Within the Coronavirus Aid, Relief and Economic Security (CARES) Act -- the government legislation that made the first round of stimulus checks possible -- the IRS is offering expanded tax benefits that can help individuals who want to make a charitable donation before 2020 ends.
Tax changes to lessen some of the economic impact of COVID-19
The CARES Act includes temporary tax modifications that can lessen at least some of the pain when it comes to paying the 2020 tax bill next year. All told, there are two changes for individual taxpayers:
New deduction for people who don't itemize. Heading the list is a change that the IRS says nearly 90 percent of taxpayers potentially qualify for. Typically, taxpayers who opt to take the standard deduction can’t claim a deduction for their charitable contributions. However, those individuals can claim a limited deduction on their 2020 federal income tax returns if they make a cash contribution* to a charity and still claim the standard deduction.
*Note: A cash contribution includes those made by check, credit, or debit card; or amounts incurred by an individual for unreimbursed out-of-pocket expenses in connection with the individual's volunteer services to a qualifying charitable organization. Cash contributions do not include the value of things like volunteer services or contributions of household items like you would take to an organization like Goodwill.
The all-important caveat in this deduction says that individuals can claim an "above-the-line" deduction of up to $300 for cash contributions made to “qualifying charities” during 2020. The maximum above-the-line deduction is $150 for married individuals filing separate returns.

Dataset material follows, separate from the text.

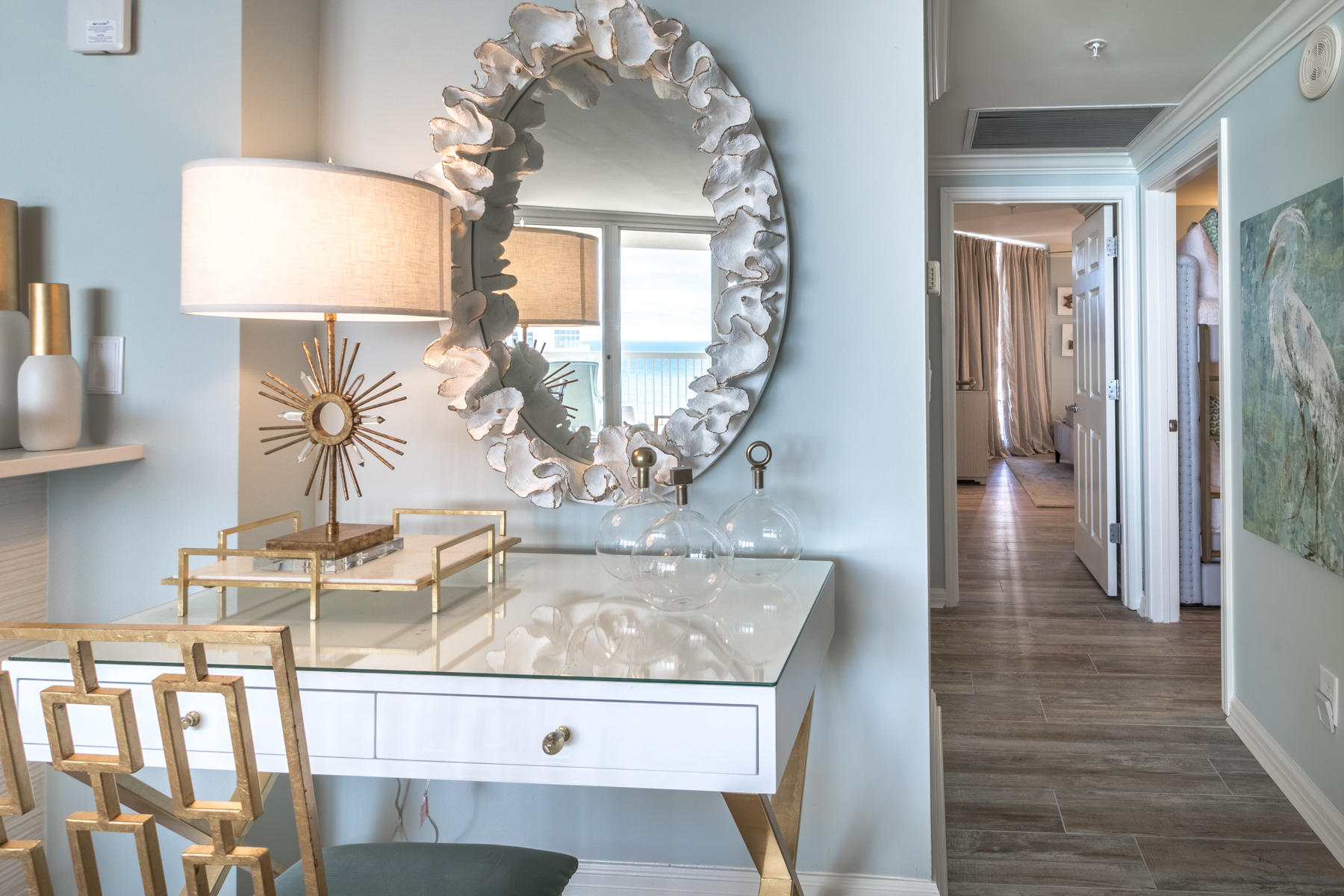 ST. MAARTEN AT SILVER SHELLS - Residential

Itemizers can get as high as a 100 percent limit on cash contributions. Although there are certain limits, taxpayers who itemize have the OK to claim a deduction for charitable contributions if they’re made to qualifying charitable organizations. These limits run from 20-60 percent of an individual's adjusted gross income ("AGI") and vary by the type of contribution and type of charitable organization the money is donated to.
Where this change really comes in handy is the clause in the CARES Act that permits individuals to apply for an increased limit, up to 100 percent of their AGI, for qualified contributions. That election is made on a contribution-by-contribution basis and has to be a “cash” contribution made during the calendar year 2020 to a qualifying charitable organization.

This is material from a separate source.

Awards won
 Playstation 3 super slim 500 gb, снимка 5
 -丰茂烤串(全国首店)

Like any change from the IRS, there are fine points to consider. The agency offers a complete list of those on its website.
Keep good records
Despite the upsides of these changes, the IRS reminds taxpayers that there are forms to be filled out and special recordkeeping to provide if a taxpayer wants to claim a charitable contribution deduction.
“Usually, this includes obtaining a receipt or acknowledgment letter from the charity before filing a return and retaining a cancelled check or credit card receipt. For donations of property, additional recordkeeping rules may apply, including filing a Form 8283 and obtaining a qualified appraisal,” the IRS says.
Does this apply to the new round of stimulus checks?
With Congress preparing to provide another round of stimulus checks, it’s unknown if any of the original CARES Act tax benefits will be expanded upon, but anything’s possible.
To keep up-to-date on everything that may impact coronavirus-related tax changes, be sure to check in at IRS.gov/Coronavirus before going headlong into filling out forms and organizing copies of things like charitable contributions.